Les Hommes s’avèrent vite très inventifs à fabriquer et à utiliser tous ces outils de défense et d’attaque. Ils évoluent très rapidement dans ce qu’ils qualifient déjà comme « art », et bientôt de « bel art ».
Sans doute pour se donner bonne conscience…
Des outils des paysans, tels les râteaux, fourches et faucilles, ou pelles des religieux, jusqu’aux hâches, hallebardes et épées à foison des militaires, et tout cela au gré des besoins, des coutumes, des habitudes, des traditions, des convictions, des modes, et des décorums militaires ou impériaux.
Que d’armes, que d’armes… objets de toutes les convoitises et de tous les traffics !
Chaque arme étant hautement respectée, réservée et révérée, ayant sa pratique et son rituel.
Cet art finit par représenter dans tout son « noble » accomplissement le seul moyen rationnel et efficace de combattre tout ce qui représente un danger ou un ennemi imminent pour un groupe de corps d’armée.
Ce qui conduit très vite à une autre forme d’art : l’art de la « stratégie », auréolée de toutes les vertus, et surpassant de loin la « tactique » plus spontanée et d’ordre privé mais estimée vulgaire et tout à fait secondaire.
Grâce à son arme toute puissante, un soldat, s’il peut s’en sortir tout aussi glorieux mort ou vivant que son épée immortelle, peut tout aussi bien se faire remplacer sur un champ de bataille, tout en continuant à percevoir son solde, en corrompant et en revendant sa charge à un mercenaire.
C’est ainsi que la plupart des armées se composent de plus en plus de mercenaires survivant grâce aux pillages, aux saccages, aux massacres et aux viols.
Cependant, ces mercenaires s’avèrent peu fiables à moyen terme car vu qu’ils se débandent à la moindre occasion, c’est la défaite assurée.
Déjà, d’étranges machines apparaissent : arbalètes à projectiles divers, fusées incendiaires, hurleurs destinés à effrayer les montures, instruments à fumées asphyxiantes ou toxiques…
Dès l’an 400 av.J.C., des armes secrètes et étranges sont utilisées depuis longtemps, et une conférence de désarmement est même organisée entre plusieurs royaumes pour en limiter la surenchère de production.
Ces armes sont estimées trop meurtrières et destructrices :
explosifs, incendiaires, gaz de combat, et aussi des fusées bactériologiques qui répandent les virus de la variole ou du choléra…

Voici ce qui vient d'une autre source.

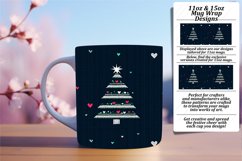 Creative 11oz Mug Wrap Png Artwork , Holiday Product Image 1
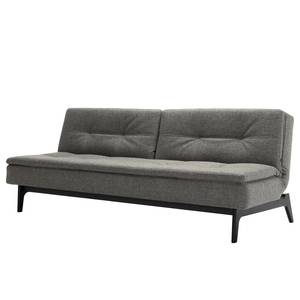 Schlafsofa Dublexo VI Nylon - Stoff Twist: Charcoal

Le retour aux armes conventionnelles remet à l’époque tous ces foudres de guerre bien droits dans leurs bottes…
Aujourd’hui aussi, la bonne vieille matraque de base fait encore ses preuves…
Pendant un moment… un moment seulement…
Car, en matière d’escalade à la multiplication des armes, pour la plupart des Hommes de tous les temps et de tous les pays, c’est l’amour fou… et, quand on aime à la folie, on ne compte pas !
De cela, nous en sommes tous témoins, depuis des millénaires…
http://www.tao-yin.com/wai-jia/armes_origines.html
Même encore aujourd’hui, c’est d’actualité !
http://www.ramassi.net/index.php/2008/04/17/84-de-jolis-jouets-pour-les-grands-enfants
Je me dis, désarmée,
que, par amour,
ce serait sans doute mieux
de se mettre à l’escalade
de la multiplication des petits pains…
un p’tit pain…
ça coûte rien…
ça mange pas d’pain…
et s’il y a en effet des pains
qui se perdent pour quelques uns…
de nombreux autres
en auraient un urgent besoin !
Et si nous inversions les rôles ?
Si nous servions des armes comme outils pour creuser des sillons ?
Cependant… pas n’importe quels sillons, plutôt ceux-là...

... les sillons : Hollain (Brunehaut), Hainaut, Belgique ...

Sillons de cultures, province de Misiones, Argentine (26°53’S - 54°35’O).